*** Opening of Extracted entries ***

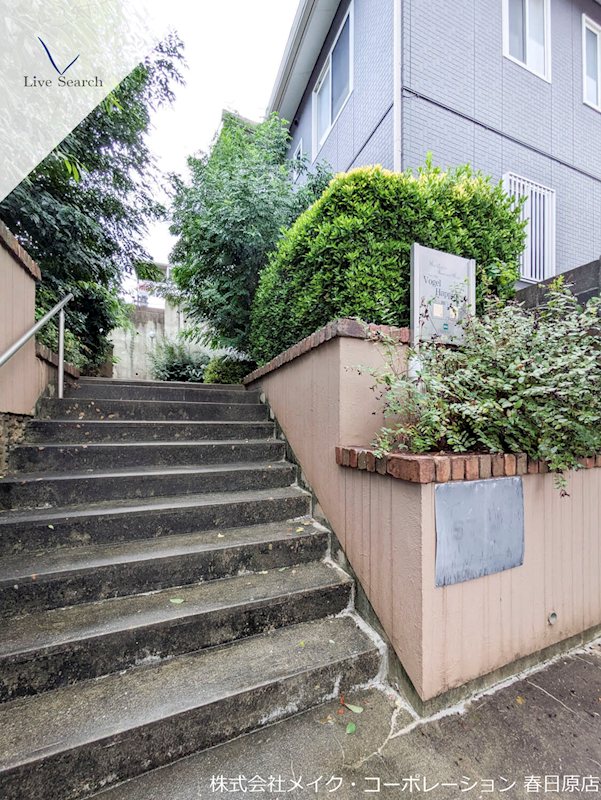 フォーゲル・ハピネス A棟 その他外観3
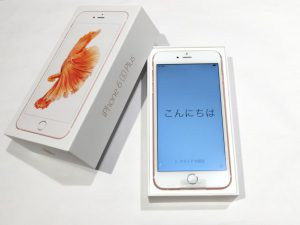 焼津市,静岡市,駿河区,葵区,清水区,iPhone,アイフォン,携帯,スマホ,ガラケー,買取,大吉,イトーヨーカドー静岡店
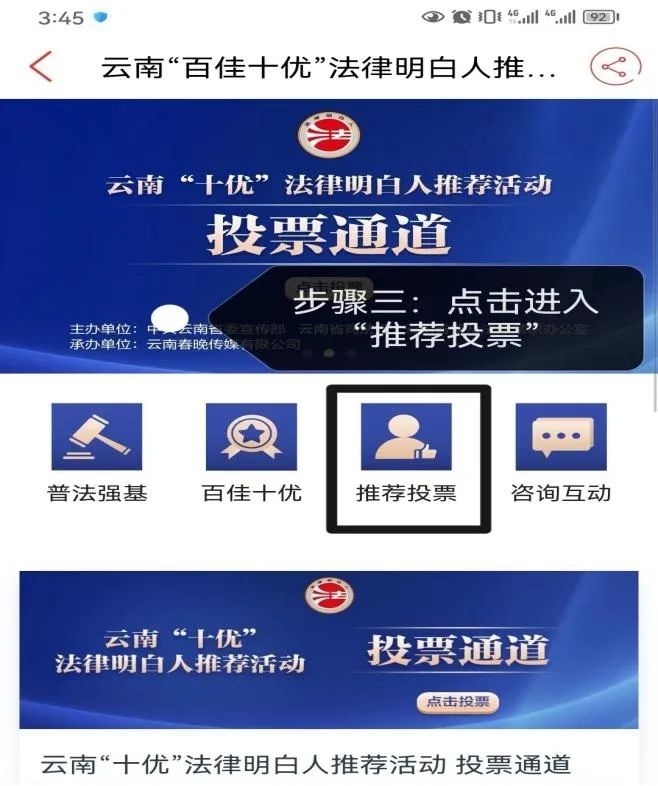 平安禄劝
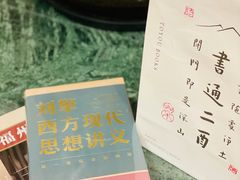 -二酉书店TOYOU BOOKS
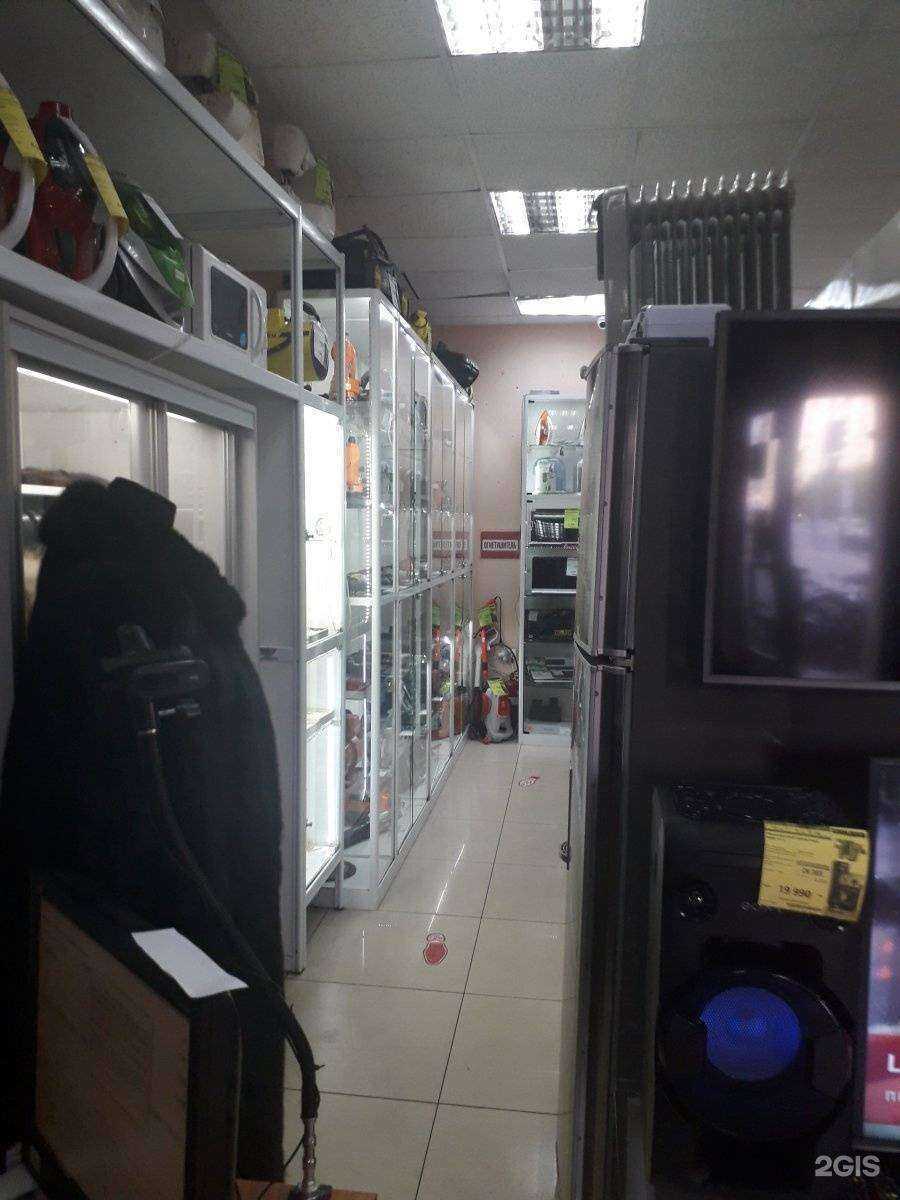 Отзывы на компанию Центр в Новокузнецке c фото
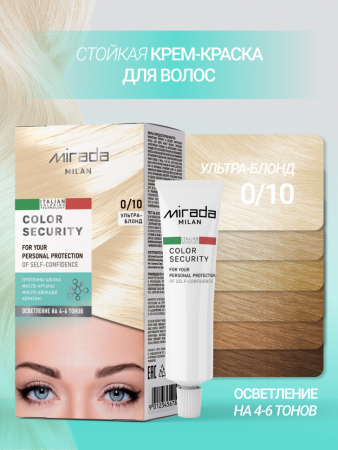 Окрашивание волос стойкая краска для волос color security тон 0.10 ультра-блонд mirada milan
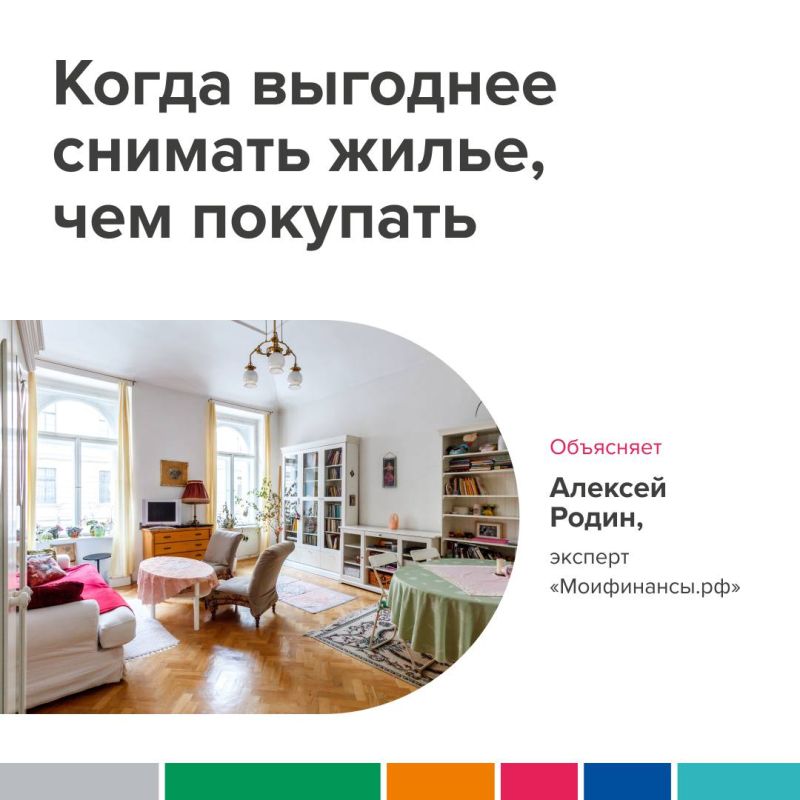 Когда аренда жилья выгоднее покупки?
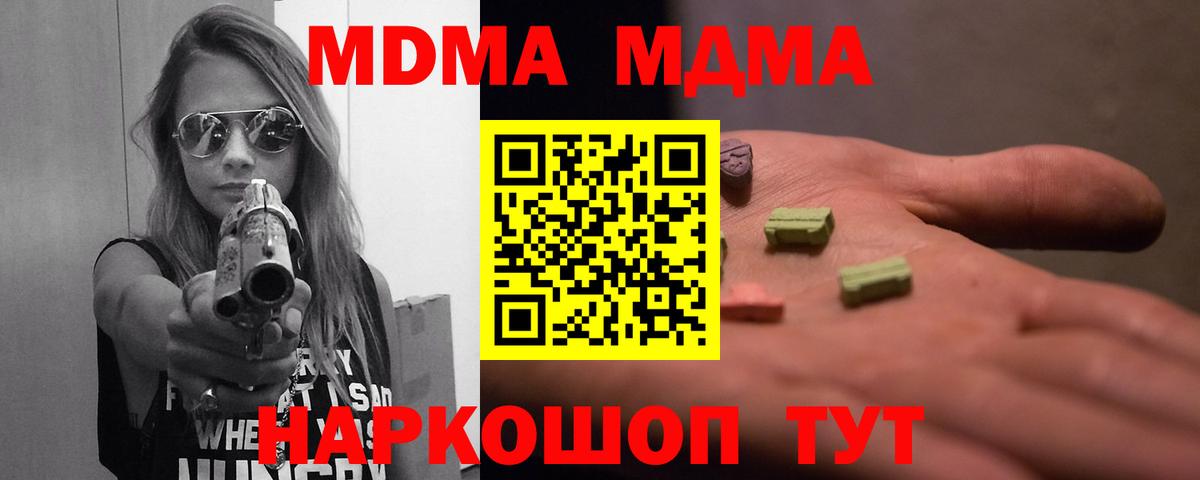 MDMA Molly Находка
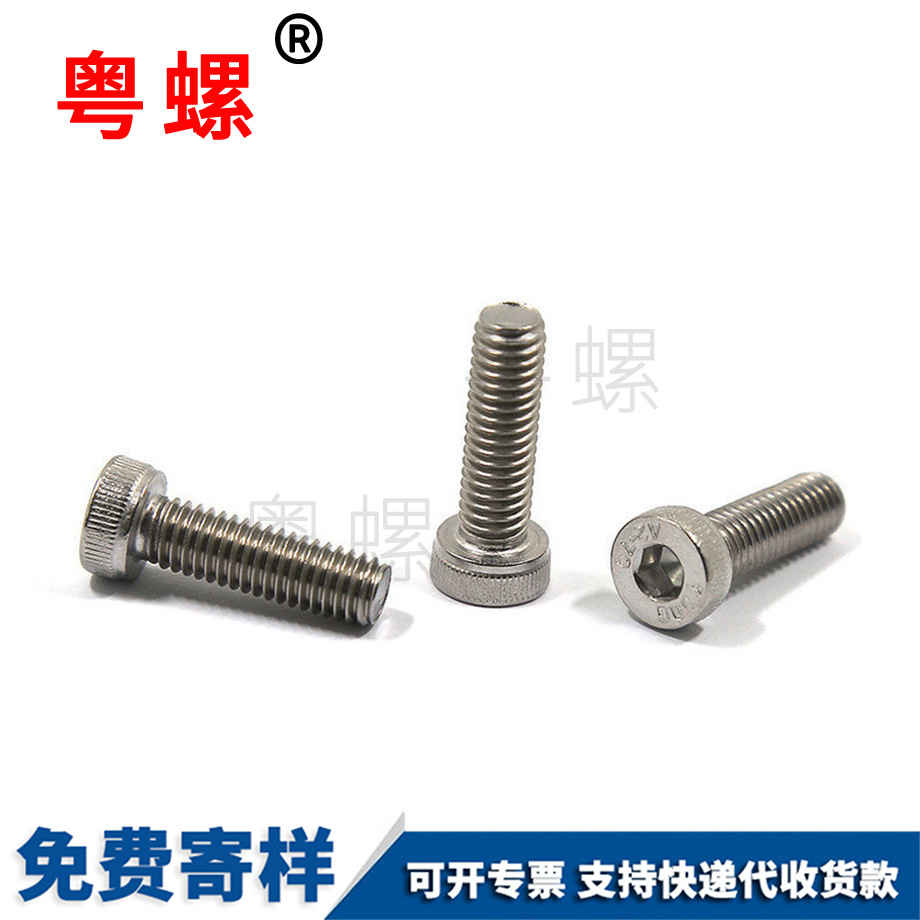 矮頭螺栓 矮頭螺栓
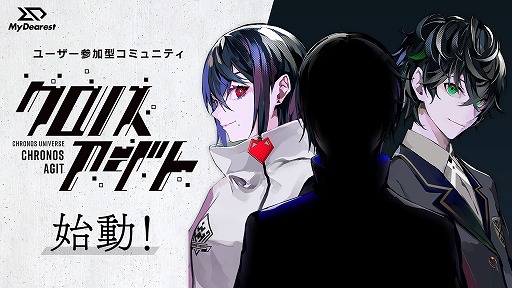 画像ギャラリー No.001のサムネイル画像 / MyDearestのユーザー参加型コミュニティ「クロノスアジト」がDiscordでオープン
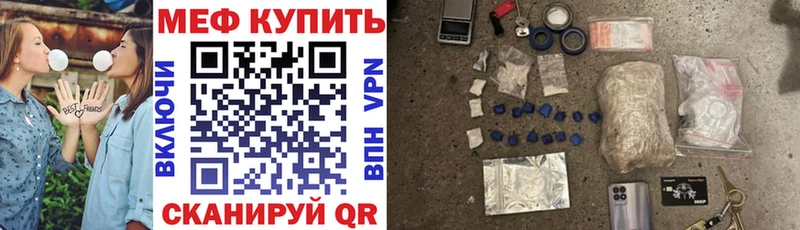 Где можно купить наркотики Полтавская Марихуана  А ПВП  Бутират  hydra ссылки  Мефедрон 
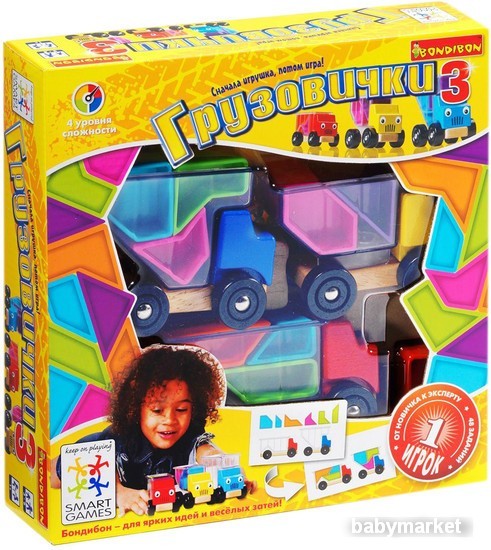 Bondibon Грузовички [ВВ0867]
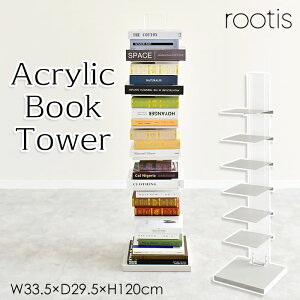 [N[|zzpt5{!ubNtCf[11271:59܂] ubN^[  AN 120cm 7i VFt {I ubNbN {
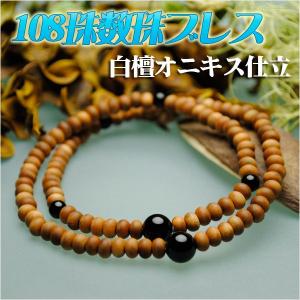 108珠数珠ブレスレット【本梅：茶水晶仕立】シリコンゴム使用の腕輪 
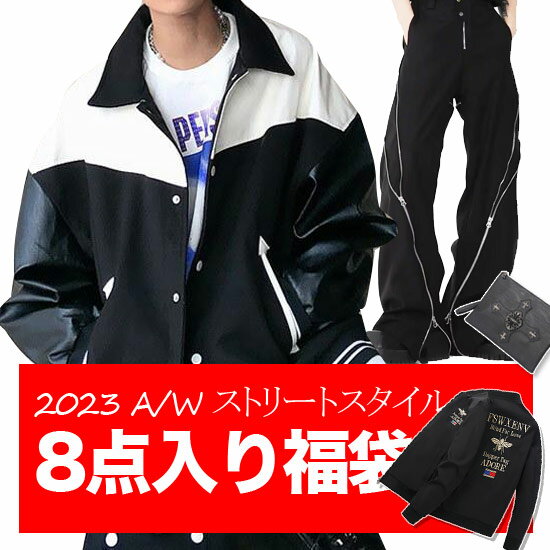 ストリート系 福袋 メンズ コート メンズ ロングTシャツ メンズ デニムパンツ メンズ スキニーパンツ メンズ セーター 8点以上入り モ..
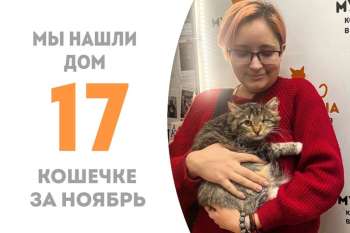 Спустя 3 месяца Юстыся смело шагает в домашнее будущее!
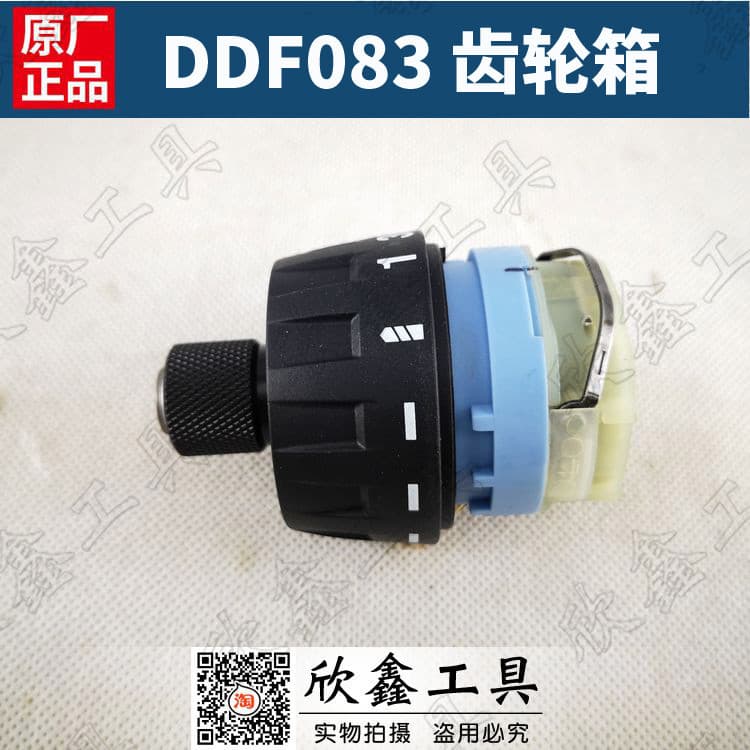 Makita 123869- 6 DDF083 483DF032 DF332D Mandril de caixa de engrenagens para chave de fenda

*** Close of Extracted entries ***

• **Required action**
The lines from the top of the data above through the one holding "108珠数珠ブレスレット【本梅：茶水晶仕立】シリコンゴム使用の腕輪" are to be repeated exactly, and only those, with no pictures.

• **Response**
 フォーゲル・ハピネス A棟 その他外観3
 焼津市,静岡市,駿河区,葵区,清水区,iPhone,アイフォン,携帯,スマホ,ガラケー,買取,大吉,イトーヨーカドー静岡店
 平安禄劝
 -二酉书店TOYOU BOOKS
 Отзывы на компанию Центр в Новокузнецке c фото
 Окрашивание волос стойкая краска для волос color security тон 0.10 ультра-блонд mirada milan
 Когда аренда жилья выгоднее покупки?
 MDMA Molly Находка
 矮頭螺栓 矮頭螺栓
 画像ギャラリー No.001のサムネイル画像 / MyDearestのユーザー参加型コミュニティ「クロノスアジト」がDiscordでオープン
 Где можно купить наркотики Полтавская Марихуана  А ПВП  Бутират  hydra ссылки  Мефедрон 
 Bondibon Грузовички [ВВ0867]
 [N[|zzpt5{!ubNtCf[11271:59܂] ubN^[  AN 120cm 7i VFt {I ubNbN {
 108珠数珠ブレスレット【本梅：茶水晶仕立】シリコンゴム使用の腕輪 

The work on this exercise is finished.